- _EXERCISE DESCRIPTION_:
Answer with one number only: the count of lines below that hold the word "Jacket".

Web page caption snippets:
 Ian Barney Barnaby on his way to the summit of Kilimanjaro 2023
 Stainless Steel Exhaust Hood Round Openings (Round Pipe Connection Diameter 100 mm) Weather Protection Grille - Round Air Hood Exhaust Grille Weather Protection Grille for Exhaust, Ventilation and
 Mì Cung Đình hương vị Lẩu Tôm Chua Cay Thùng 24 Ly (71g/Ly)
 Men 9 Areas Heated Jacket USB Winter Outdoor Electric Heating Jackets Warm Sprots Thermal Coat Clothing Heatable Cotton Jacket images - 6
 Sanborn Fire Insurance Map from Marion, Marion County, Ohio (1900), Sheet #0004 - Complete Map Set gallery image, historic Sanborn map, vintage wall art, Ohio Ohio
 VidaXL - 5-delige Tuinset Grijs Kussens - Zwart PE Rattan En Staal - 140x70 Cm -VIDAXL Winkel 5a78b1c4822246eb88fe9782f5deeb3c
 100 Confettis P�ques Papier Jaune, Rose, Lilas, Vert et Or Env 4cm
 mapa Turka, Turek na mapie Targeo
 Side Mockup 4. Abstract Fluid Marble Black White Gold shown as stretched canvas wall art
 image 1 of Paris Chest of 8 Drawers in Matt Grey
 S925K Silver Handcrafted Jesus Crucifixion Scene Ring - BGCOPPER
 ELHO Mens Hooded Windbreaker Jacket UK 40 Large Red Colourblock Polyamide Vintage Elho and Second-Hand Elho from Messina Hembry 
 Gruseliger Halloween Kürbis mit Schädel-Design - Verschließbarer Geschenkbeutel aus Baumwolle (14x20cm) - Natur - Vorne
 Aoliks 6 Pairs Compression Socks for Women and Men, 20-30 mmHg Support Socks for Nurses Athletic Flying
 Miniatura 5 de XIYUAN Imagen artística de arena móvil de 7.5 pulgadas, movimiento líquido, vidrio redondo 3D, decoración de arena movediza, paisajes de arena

- _SOLVED PROBLEM_:
2